_Data for this exercise_
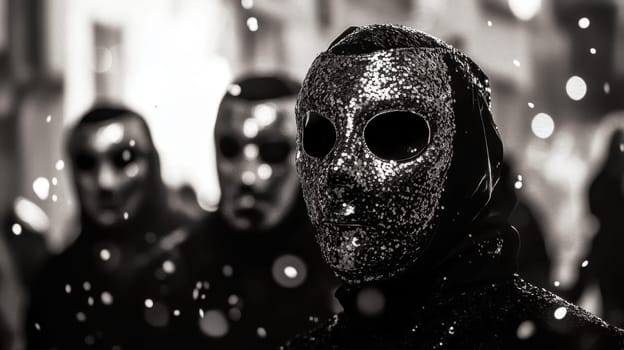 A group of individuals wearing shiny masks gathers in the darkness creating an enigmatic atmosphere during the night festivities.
==
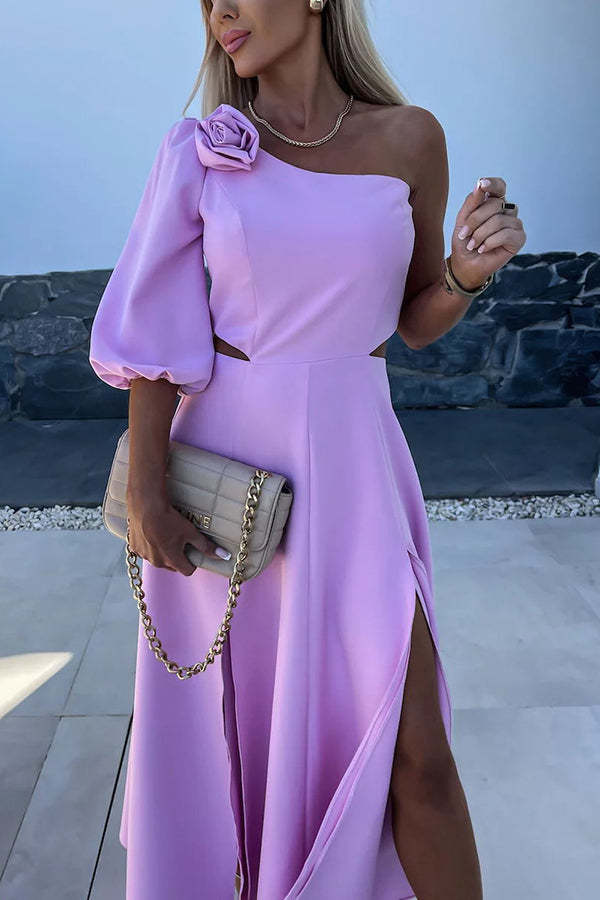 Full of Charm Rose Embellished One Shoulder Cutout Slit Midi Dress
---
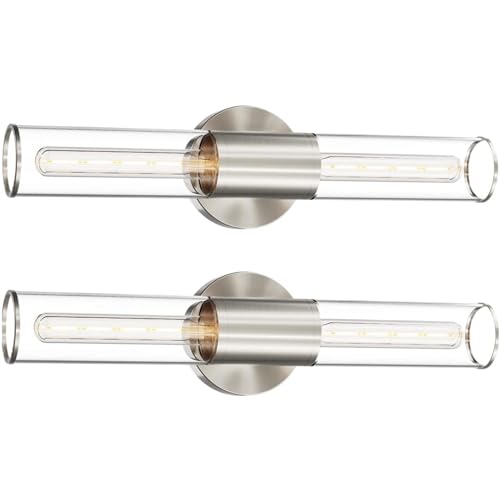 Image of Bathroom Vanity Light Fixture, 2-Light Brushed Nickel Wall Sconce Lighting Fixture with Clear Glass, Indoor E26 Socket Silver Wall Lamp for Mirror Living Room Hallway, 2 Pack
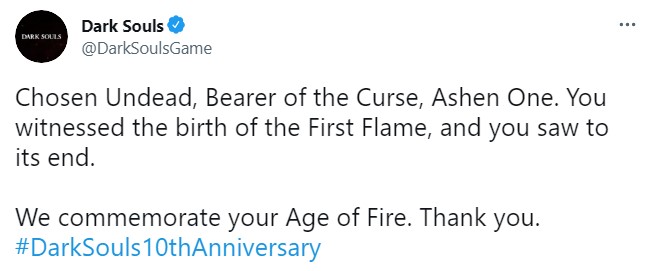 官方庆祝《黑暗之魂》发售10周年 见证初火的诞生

_Work order_
Look above for the line with "Image of Bathroom" and the line with "官方庆祝《黑暗之魂》发售10周年 见证初火的诞生". Output those two and everything between them exactly, pictures excluded.

_Output for this exercise_
 Image of Bathroom Vanity Light Fixture, 2-Light Brushed Nickel Wall Sconce Lighting Fixture with Clear Glass, Indoor E26 Socket Silver Wall Lamp for Mirror Living Room Hallway, 2 Pack
 官方庆祝《黑暗之魂》发售10周年 见证初火的诞生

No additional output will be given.